• **SUPPLIED DATA**

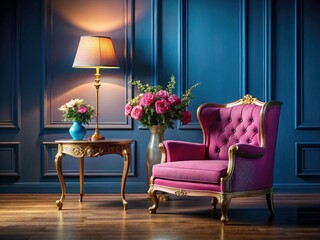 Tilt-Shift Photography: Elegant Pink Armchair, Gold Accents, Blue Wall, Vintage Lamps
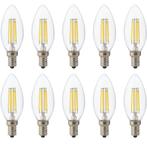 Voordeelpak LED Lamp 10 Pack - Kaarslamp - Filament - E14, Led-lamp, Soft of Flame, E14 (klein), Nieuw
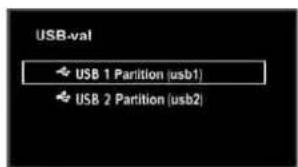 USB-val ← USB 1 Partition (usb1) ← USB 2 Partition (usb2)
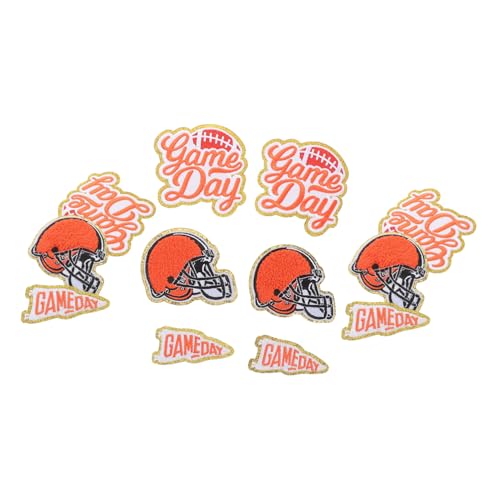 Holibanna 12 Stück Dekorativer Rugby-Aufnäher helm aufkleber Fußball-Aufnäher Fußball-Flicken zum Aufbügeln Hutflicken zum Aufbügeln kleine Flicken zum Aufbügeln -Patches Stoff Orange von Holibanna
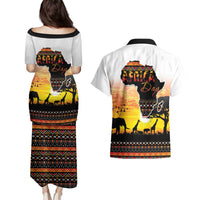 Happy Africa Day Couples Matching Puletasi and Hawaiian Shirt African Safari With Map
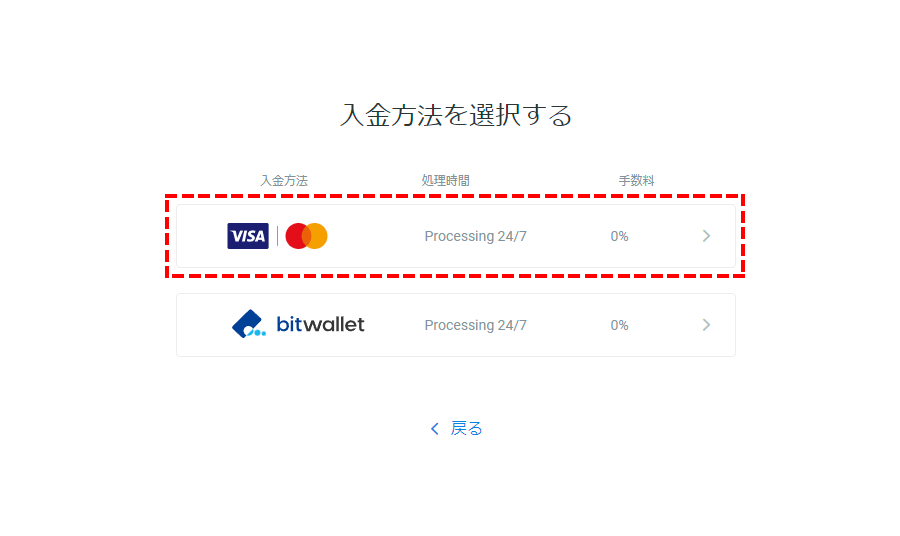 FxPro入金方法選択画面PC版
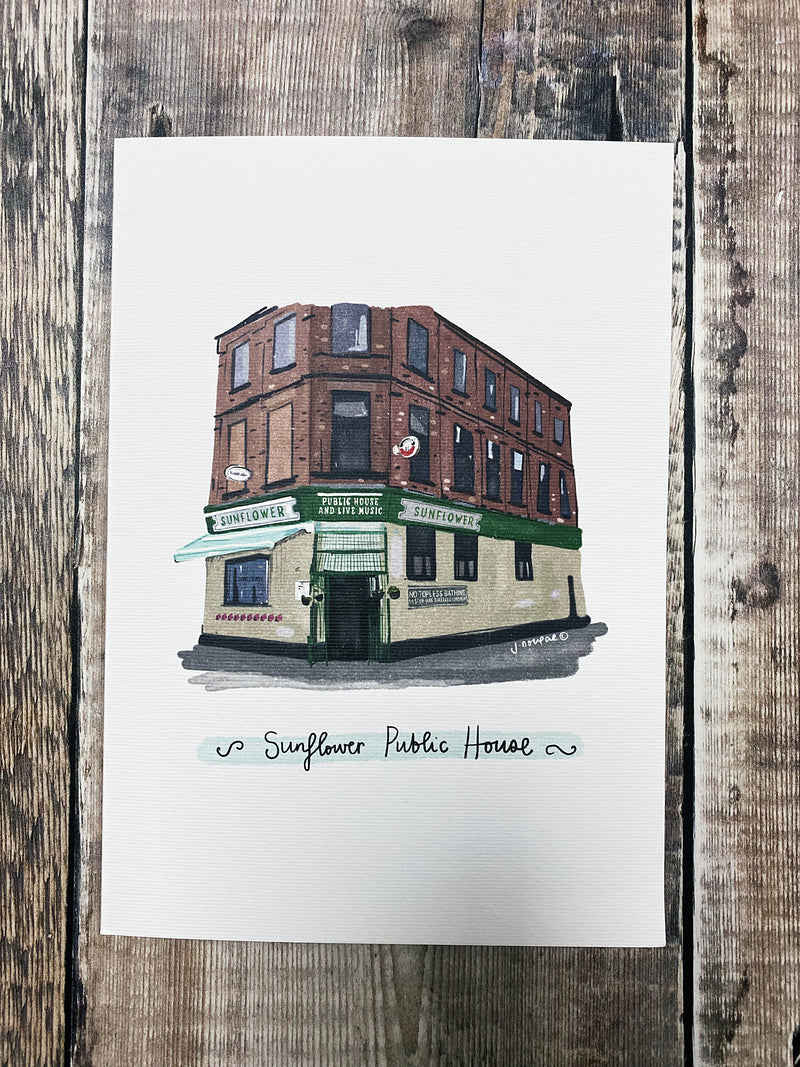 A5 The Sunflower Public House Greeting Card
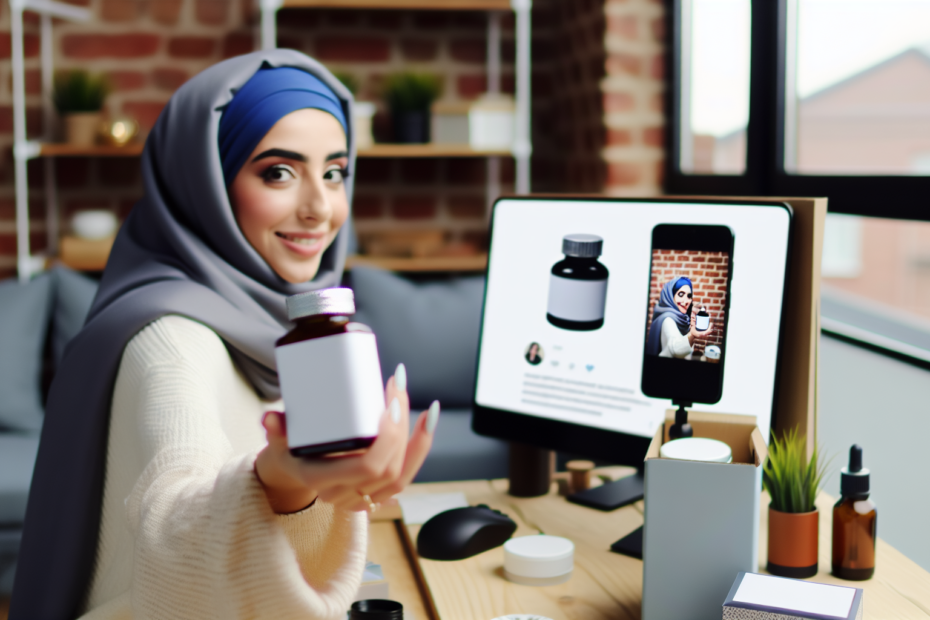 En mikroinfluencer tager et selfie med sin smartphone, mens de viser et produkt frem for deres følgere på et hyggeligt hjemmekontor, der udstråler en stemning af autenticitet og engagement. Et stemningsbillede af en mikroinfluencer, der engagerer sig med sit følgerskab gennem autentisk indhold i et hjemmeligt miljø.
---
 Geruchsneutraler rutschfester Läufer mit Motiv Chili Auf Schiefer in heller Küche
---
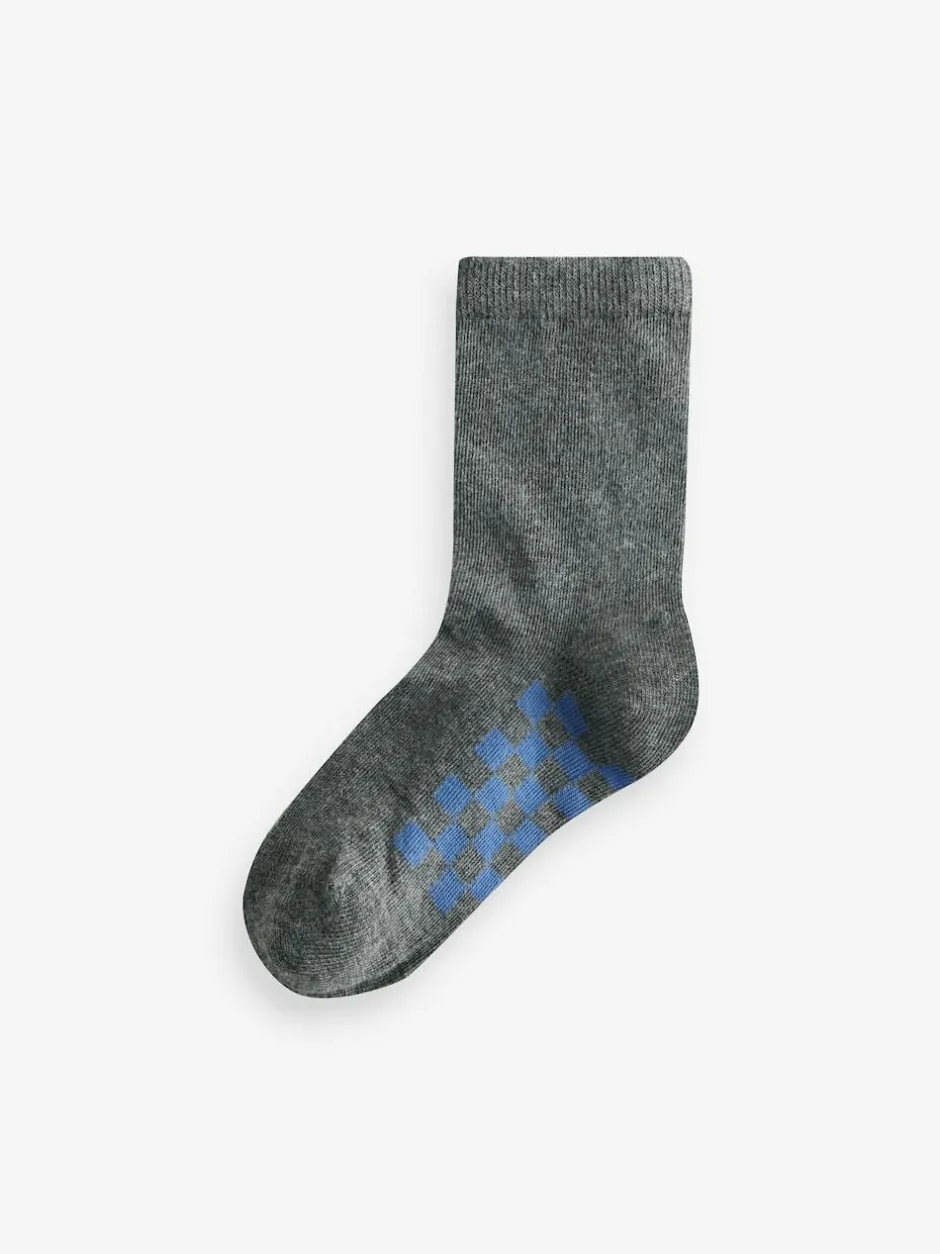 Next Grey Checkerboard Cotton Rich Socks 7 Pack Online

• **WHAT IS EXPECTED**
Return exactly the lines that appear in the data above between the line containing "Tilt-Shift Photography: Elegant" and the line containing "USB-val ← USB", both of which are included, and leave the pictures out.

• **EXERCISE RESPONSE**
 Tilt-Shift Photography: Elegant Pink Armchair, Gold Accents, Blue Wall, Vintage Lamps
 Voordeelpak LED Lamp 10 Pack - Kaarslamp - Filament - E14, Led-lamp, Soft of Flame, E14 (klein), Nieuw
 USB-val ← USB 1 Partition (usb1) ← USB 2 Partition (usb2)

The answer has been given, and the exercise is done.